W35 report

Code porting and optimization on a Beowulf

Ivan Rossi, Piero Fariselli, Pier Luigi Martelli, Gianluca Tasco and Rita Casadio
C.I.R.B. Biocomputing Unit, University of Bologna (Italy)

1. The Basic Local Alignment Search Tool (BLAST) code

1.1 What is BLAST
1.2 A "Divide and Conquer" approach to distributed BLAST
1.3 dncBLAST structure and implementation
1.4 SMP BLAST vs dncBLAST
1.5 Scaling Data on Protein sequences databases (NR)
1.6 Scaling Data on a Nucleotide Database (GENBANK)

2. Gromacs Porting

2.1 The Gromacs Package
2.2 Porting
2.3 The Gromacs code performance optimization

3. Conclusion
4. Bibliograpy

1. The Basic Local Alignment Search Tool (BLAST) code

1.1 What is BLAST Top
BLAST (Basic Local Alignment Search Tool) is a set of programs designed to efficiently search protein and DNA databases for sequence similarities [1]. Actually the NCBI-BLAST implementation is the de facto standard for biological sequence comparison and search in computational biology.
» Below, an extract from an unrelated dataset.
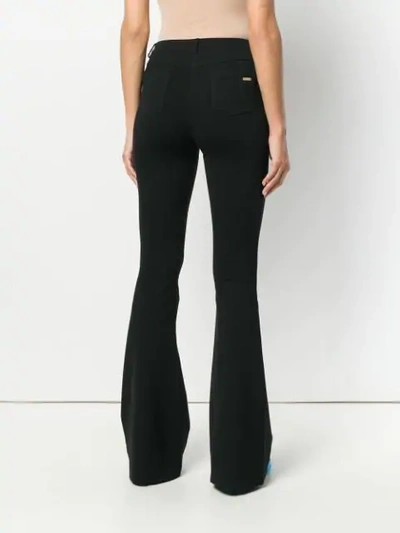 Shop Blumarine Flared Trousers In Black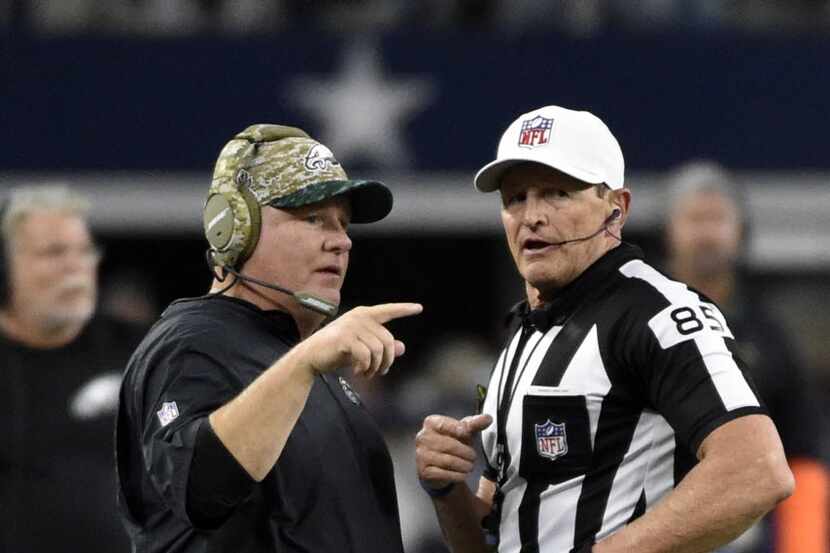 Philadelphia Eagles head coach Chip Kelly, left, talks with referee Ed Hochuli (85) in the...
BLAST uses a heuristic algorithm which seeks local as opposed to global alignments and is therefore able to detect relationships among sequences which share only isolated regions of similarity. The central idea of the BLAST algorithm is that a statistically significant alignment is likely to contain multiple high-scoring pair of aligned words [2]. BLAST first scans the database for words (typically of length three for proteins) that score better than a given threshold T when aligned with some word within the query sequence. Any aligned word pair satisfying this condition is called a hit. The second step of the algorithm checks whether each hit lies within an alignment with score sufficient to be reported. This is done by extending a hit in both directions, until the running alignment s score has dropped more than X below the maximum score yet attained.

This extension step is the most computationally expensive: during it, a O(N^2) dynamic programming algorithm [3] is executed, that typically accounts for more than 90% of the execution time of a BLAST run .

The scores assigned in a BLAST search have a well-defined statistical interpretation [4], that is directly related to the probability for the reported alignment to happen by chance alone.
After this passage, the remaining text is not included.